Karena rentannya serangan terhadap akademisi kritis maupun kebebasan akademik, sudah sepatutnya mereka mendapatkan perlindungan penuh dari pimpinan kampus maupun lembaga riset yang bersangkutan. Pasal 8 Ayat 3 UU Nomor 12 Tahun 2012 tentang Pendidikan Tinggi menjelaskan bahwa ”Pelaksanaan kebebasan akademik, kebebasan mimbar akademik, dan otonomi keilmuan di perguruan tinggi merupakan tanggung jawab pribadi sivitas akademika, yang wajib dilindungi dan difasilitasi oleh pimpinan perguruan tinggi.” Selain itu, dalam Pasal 18 UU Nomor 11 Tahun 2019 mengenai Sistem Nasional Ilmu Pengetahuan dan Teknologi menyebutkan pula bahwa ”Pemerintah pusat rnenjamin kemandirian dan kebebasan ilmiah dalam melaksanakan penelitian”.
Mengacu pada bunyi dua pasal dalam dua UU tersebut, pemerintah maupun pimpinan lembaga tempat akademisi itu bernaung sudah seharusnya memberikan rasa perlindungan dan keamanan, terutama kebebasan berakademik. Kompetensi dan rasa tanggung jawab para akademisi terhadap kebenaran sejati menjadi poin penting mengenai urgensi perlindungan berekspresi akademis bagi para akademisi Indonesia.
Ada baiknya pemerintah membentuk suatu badan khusus seperti halnya Dewan Pers guna memediasi antara pihak akademisi terlapor dan pelapor yang keberatan dengan hasil kajian akademisi tersebut. Hal tersebut lebih bijak dan arif karena semua pihak menemui titik kesepahaman dan bisa terlokasir konflik tersebut agar tidak sampai kontinu di ruang publik.
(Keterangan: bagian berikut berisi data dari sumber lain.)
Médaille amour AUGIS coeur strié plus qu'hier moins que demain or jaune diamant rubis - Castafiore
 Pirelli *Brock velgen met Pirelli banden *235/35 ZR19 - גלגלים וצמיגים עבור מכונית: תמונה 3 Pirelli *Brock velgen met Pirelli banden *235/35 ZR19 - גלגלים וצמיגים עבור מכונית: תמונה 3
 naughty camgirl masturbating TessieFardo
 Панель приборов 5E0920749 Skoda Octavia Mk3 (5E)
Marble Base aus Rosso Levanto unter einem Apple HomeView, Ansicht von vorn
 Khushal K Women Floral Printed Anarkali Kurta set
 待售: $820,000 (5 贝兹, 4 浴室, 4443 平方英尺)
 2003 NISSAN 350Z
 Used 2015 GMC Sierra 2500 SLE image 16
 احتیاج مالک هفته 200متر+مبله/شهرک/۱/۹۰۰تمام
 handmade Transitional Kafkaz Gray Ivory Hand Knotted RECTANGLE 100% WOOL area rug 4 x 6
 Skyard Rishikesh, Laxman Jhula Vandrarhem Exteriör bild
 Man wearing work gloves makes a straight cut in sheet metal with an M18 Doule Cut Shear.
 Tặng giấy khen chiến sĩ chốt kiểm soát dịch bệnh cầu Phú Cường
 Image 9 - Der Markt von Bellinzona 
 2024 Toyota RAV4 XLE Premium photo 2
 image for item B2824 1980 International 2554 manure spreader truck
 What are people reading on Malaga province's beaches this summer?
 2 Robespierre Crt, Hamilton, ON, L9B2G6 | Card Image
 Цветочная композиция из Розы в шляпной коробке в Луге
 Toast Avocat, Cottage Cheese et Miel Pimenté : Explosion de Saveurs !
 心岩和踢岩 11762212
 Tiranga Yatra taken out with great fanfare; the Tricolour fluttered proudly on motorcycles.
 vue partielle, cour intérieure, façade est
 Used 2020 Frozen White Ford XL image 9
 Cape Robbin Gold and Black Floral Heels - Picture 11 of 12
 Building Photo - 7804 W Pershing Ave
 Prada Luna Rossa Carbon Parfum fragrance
Adalah hal yang memalukan apabila ada upaya kriminalisasi seorang akademisi dengan sangkaan dan tuntutan pelapor yang cenderung menjerumuskan. Jangan sampai kemudian kriminalisasi terhadap para akademisi yang kompeten terus berlangsung atas nama kepentingan politik sesaat.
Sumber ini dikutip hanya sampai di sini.